* **Action item**: In the copy you make, keep each entry exactly as it is and leave out all images.

* **Material supplied**:
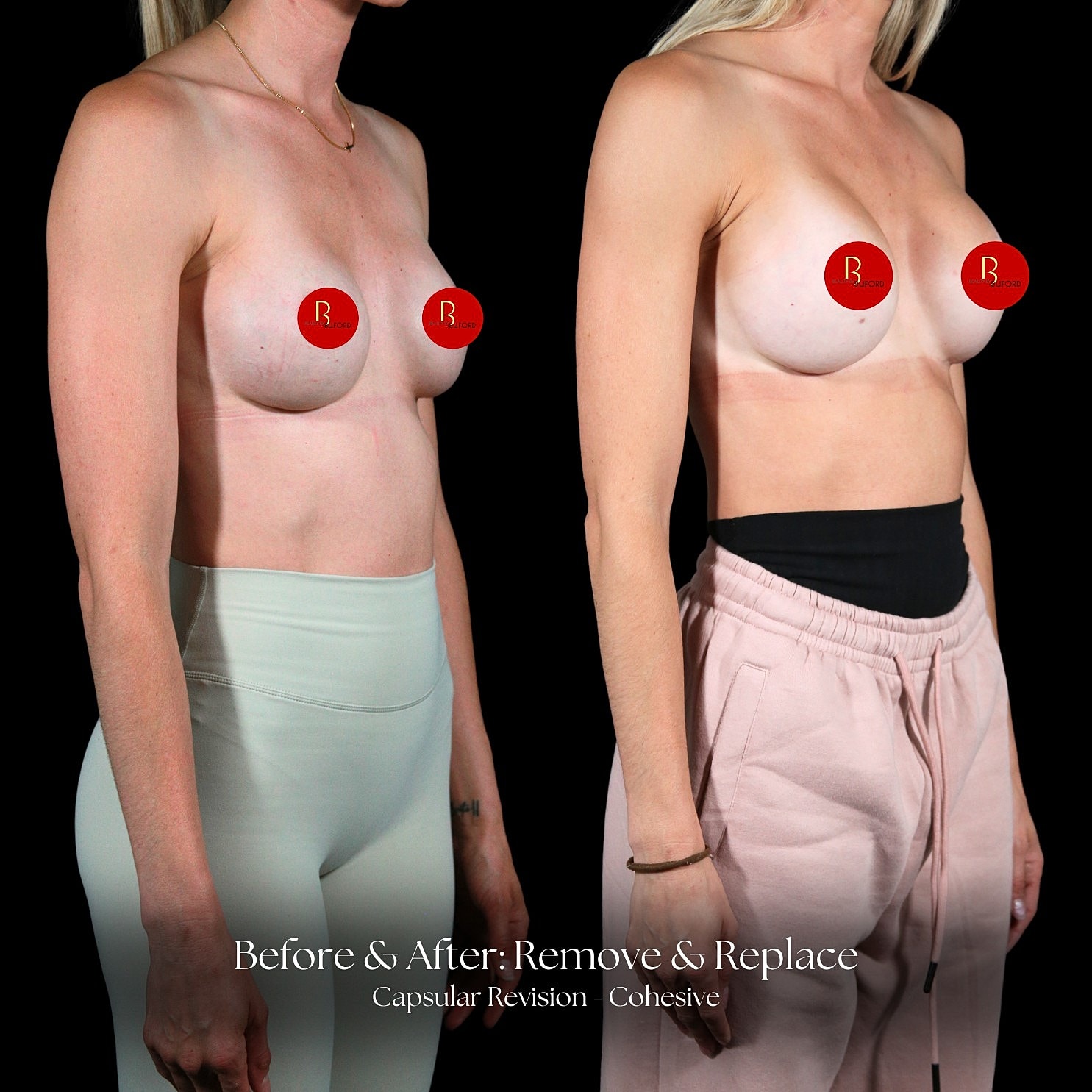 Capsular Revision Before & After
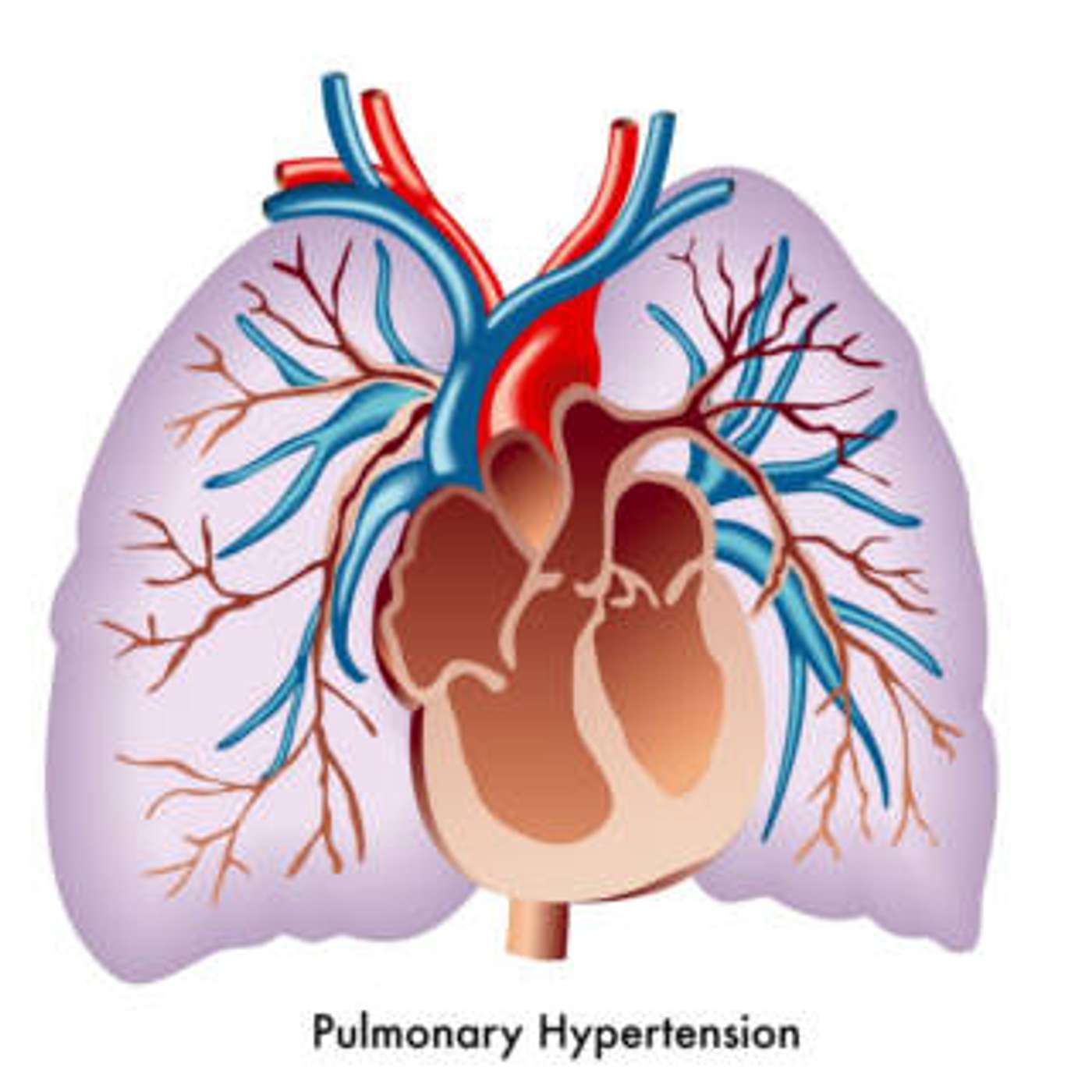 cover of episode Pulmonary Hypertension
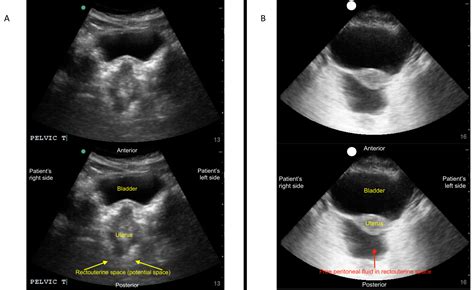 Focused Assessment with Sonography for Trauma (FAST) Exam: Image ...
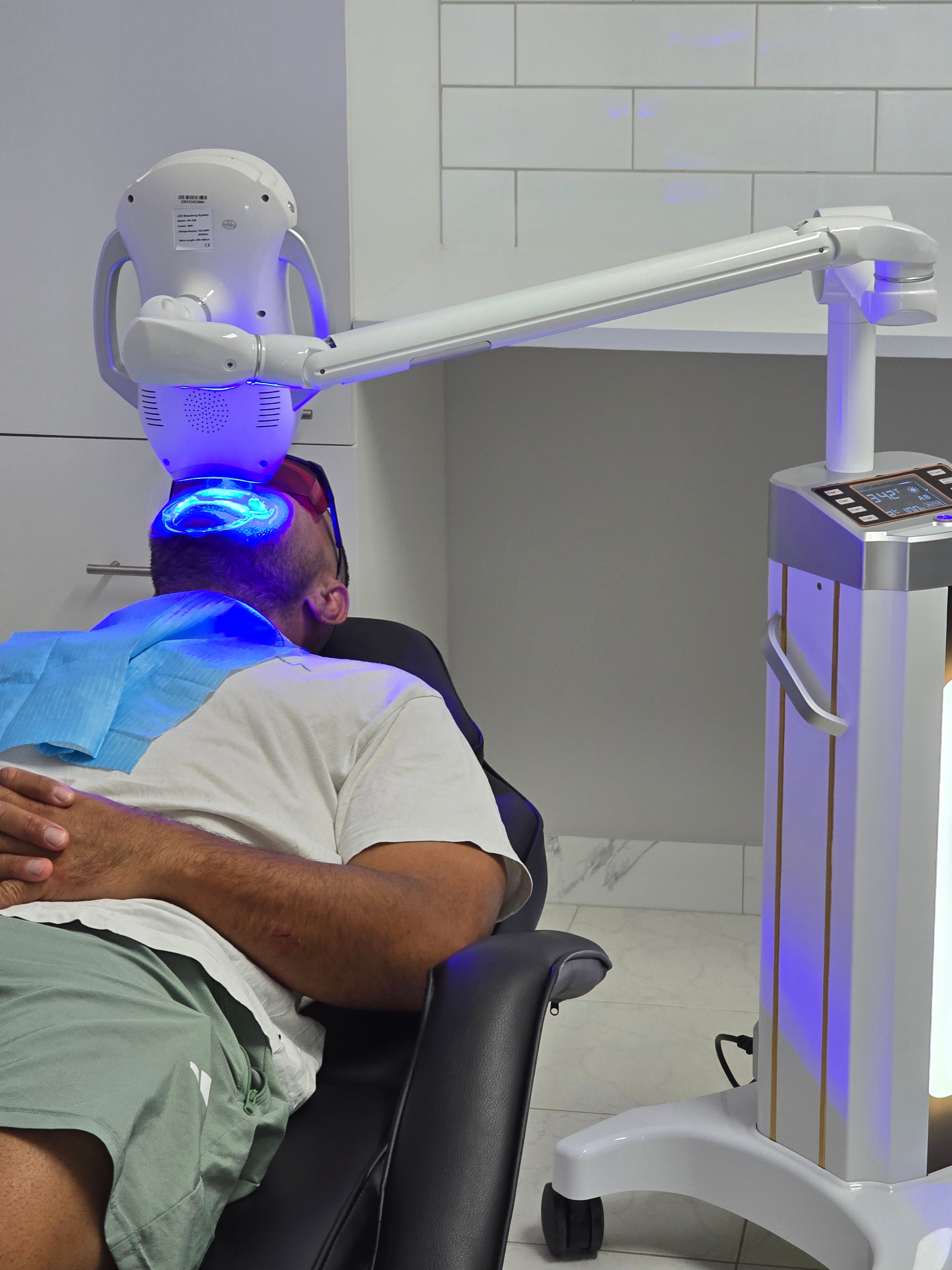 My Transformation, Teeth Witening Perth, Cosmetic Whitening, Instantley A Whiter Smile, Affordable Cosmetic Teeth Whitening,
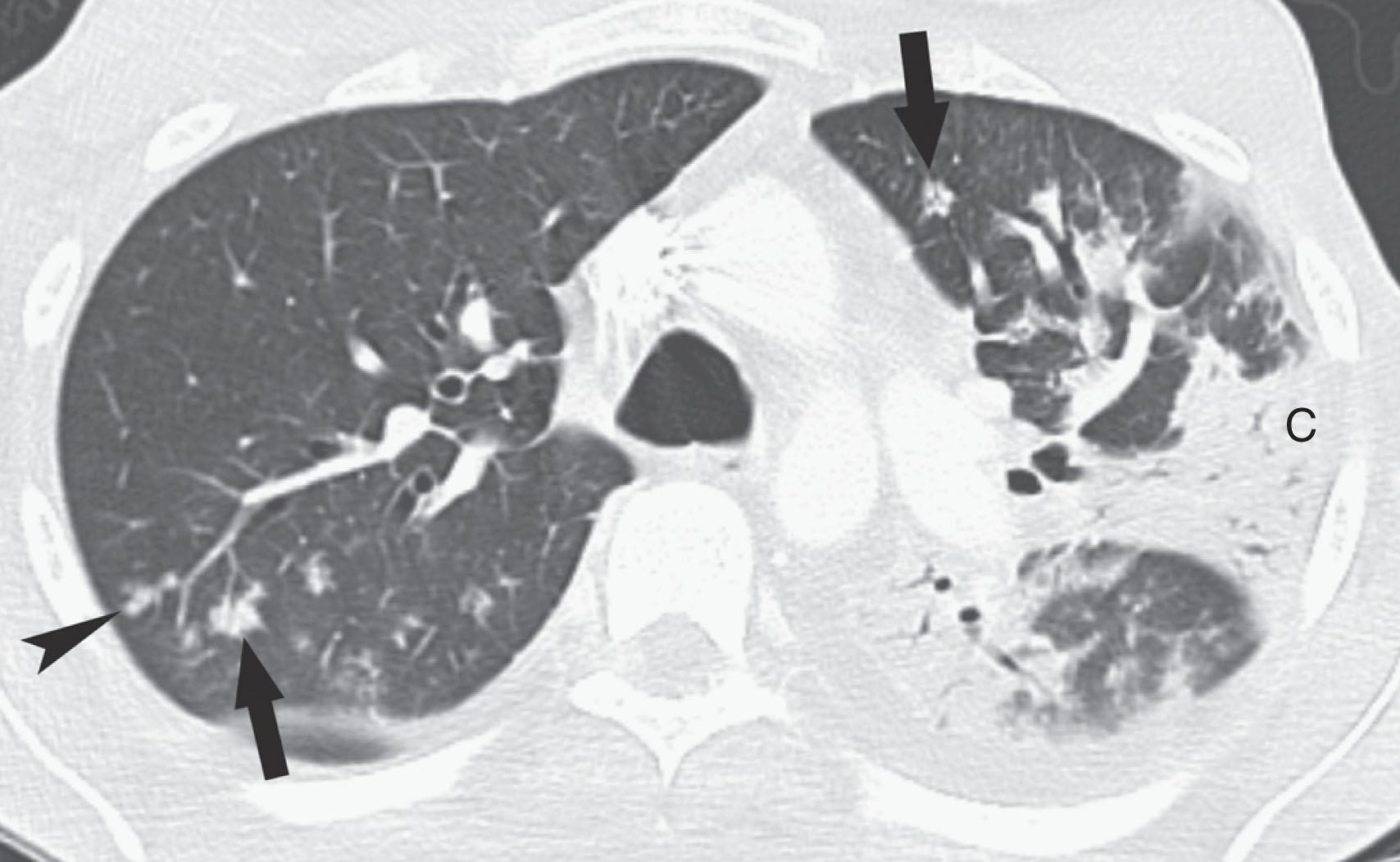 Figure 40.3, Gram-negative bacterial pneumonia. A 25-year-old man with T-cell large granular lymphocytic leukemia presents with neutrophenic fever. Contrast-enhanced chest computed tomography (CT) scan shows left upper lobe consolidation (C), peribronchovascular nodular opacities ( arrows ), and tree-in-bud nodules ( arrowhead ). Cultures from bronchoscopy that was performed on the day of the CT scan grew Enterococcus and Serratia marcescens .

* **Answer**:
 Capsular Revision Before & After
 cover of episode Pulmonary Hypertension
 Focused Assessment with Sonography for Trauma (FAST) Exam: Image ...
 My Transformation, Teeth Witening Perth, Cosmetic Whitening, Instantley A Whiter Smile, Affordable Cosmetic Teeth Whitening,
 Figure 40.3, Gram-negative bacterial pneumonia. A 25-year-old man with T-cell large granular lymphocytic leukemia presents with neutrophenic fever. Contrast-enhanced chest computed tomography (CT) scan shows left upper lobe consolidation (C), peribronchovascular nodular opacities ( arrows ), and tree-in-bud nodules ( arrowhead ). Cultures from bronchoscopy that was performed on the day of the CT scan grew Enterococcus and Serratia marcescens .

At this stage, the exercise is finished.